Beijing, however, has continued to express no interest in a trilateral approach. “China has repeatedly reiterated that it has no intention of participating in the so-called trilateral arms control negotiations,” a Chinese Foreign Ministry spokesman said on March 6.

In addition to pursuing trilateral talks with Russia and China, Christopher Ford, U.S. assistant secretary of state for international security and nonproliferation, invited China last December to begin a bilateral strategic security dialogue.

China has yet to respond to the offer. A Chinese Foreign Ministry spokesman said on March 6 that “China is always open to bilateral exchange with the U.S. in the field of strategic security.”

The Trump administration’s continued pursuit of arms control discussions with Russia and China comes as the clock continues to tick toward the February 2021 expiration of New START. The United States and Russia can exercise the option to extend the agreement by up to five years by mutual agreement.

The administration has yet to make its decision regarding the future of the accord. The senior State Department official said the administration is evaluating a decision on extension in the context of whether prolonging New START aids or sets back the pursuit of limits on additional types of Russian nuclear weapons not covered by the treaty and bringing China into the arms control process.

“We are not forecasting what that answer is,” the official said.

The official would not comment on the administration’s specific goals for trilateral arms control or whether the administration would consider extending New START to buy additional time to engage China.

The official added that there remains plenty of time to extend the treaty before it expires and that an extension could be quickly accomplished with “nothing more than an exchange of diplomatic notes.”

Defense Secretary Mark Esper said on Feb. 19 that if the United States chooses to extend New START, then a new agreement should “capture the new Russian strategic weapons. I also believe that the Russians should bring underneath that treaty the nonstrategic nuclear weapons. And then, of course, the Chinese.”

Moscow has expressed its readiness to extend New START immediately and without any preconditions, but warned that time is running out and any proposal to include Russian weapons not covered by the treaty would require an amendment to the agreement. (See ACT, January/February 2020.)

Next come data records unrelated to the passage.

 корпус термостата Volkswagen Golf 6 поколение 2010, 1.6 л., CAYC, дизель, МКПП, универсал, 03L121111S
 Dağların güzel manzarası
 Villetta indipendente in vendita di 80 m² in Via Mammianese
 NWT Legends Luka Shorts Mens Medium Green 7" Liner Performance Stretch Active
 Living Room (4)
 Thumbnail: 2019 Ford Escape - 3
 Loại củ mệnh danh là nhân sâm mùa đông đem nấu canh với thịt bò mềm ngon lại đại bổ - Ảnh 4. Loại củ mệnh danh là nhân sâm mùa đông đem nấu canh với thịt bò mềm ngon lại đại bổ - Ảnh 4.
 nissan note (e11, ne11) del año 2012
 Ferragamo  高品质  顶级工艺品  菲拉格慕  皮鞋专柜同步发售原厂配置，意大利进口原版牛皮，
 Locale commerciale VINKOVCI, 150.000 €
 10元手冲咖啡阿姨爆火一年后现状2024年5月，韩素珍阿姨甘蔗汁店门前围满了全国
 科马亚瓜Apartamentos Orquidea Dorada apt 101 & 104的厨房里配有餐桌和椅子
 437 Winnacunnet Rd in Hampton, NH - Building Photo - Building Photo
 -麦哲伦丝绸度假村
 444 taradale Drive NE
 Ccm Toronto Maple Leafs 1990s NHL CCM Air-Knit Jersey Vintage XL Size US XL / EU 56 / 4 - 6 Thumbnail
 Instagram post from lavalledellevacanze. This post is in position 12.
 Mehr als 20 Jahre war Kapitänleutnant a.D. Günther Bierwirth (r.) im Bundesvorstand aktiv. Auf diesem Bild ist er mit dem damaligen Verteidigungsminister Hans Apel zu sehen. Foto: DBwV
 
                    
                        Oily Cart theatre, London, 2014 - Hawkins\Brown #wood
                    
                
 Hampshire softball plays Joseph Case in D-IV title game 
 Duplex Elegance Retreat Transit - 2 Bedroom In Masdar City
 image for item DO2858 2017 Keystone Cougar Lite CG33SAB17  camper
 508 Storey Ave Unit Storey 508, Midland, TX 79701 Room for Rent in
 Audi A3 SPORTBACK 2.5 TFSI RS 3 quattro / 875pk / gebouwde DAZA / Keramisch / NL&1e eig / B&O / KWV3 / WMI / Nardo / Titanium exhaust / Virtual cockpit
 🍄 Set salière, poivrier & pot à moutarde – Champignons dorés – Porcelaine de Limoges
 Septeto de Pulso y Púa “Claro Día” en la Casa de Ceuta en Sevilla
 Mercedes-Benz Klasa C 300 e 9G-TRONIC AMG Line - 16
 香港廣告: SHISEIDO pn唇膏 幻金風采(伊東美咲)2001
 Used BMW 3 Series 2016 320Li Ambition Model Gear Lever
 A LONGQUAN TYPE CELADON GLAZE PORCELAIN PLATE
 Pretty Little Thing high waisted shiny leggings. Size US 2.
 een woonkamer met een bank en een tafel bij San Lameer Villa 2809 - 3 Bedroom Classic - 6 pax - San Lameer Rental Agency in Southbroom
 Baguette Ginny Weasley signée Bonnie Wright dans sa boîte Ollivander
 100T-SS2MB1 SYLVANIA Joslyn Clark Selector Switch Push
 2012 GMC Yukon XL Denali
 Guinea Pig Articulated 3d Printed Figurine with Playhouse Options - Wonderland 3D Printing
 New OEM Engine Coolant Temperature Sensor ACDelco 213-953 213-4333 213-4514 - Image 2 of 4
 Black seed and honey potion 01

Vladimir Leontyev, deputy director of the Russian Foreign Ministry’s Department for Non-Proliferation and Arms Control, said in February that the United States rejected a proposal from Russia to hold “a lawyers’ meeting to…work out an understanding of the technical aspect of the extension process.”

“No follow-up agreement is in sight, and it is clear that there is no chance of producing anything meaningful over the time left” before the treaty expires, Leontyev noted.

Russia has also maintained that it “will not try to convince China” to join trilateral talks, according to Russian Foreign Minister Sergey Lavrov. “If the Americans are quite sure that it makes no sense to take any further steps on the New START…without China, let them get down to business on this all on their own,” he said on Feb. 10.

A reported hindrance to the U.S. effort to negotiate a more comprehensive replacement for New START has been the Trump administration’s inability to find a lead negotiator for the undertaking. Politico reported on Feb. 12 that the administration has offered the role to several potential candidates but struggled to find someone to take it. The Guardian reported on March 4 that the White House had chosen Marshall Billingslea, the current assistant secretary for terrorist financing at the Treasury Department, for the role.

New START caps U.S. and Russian strategic nuclear arsenals at 1,550 deployed warheads, 700 deployed missiles and heavy bombers, and 800 deployed and nondeployed missile launchers and bombers each. It also put into place a rigorous inspections and verification regime, on which the U.S. military relies for knowledge about the Russian arsenal.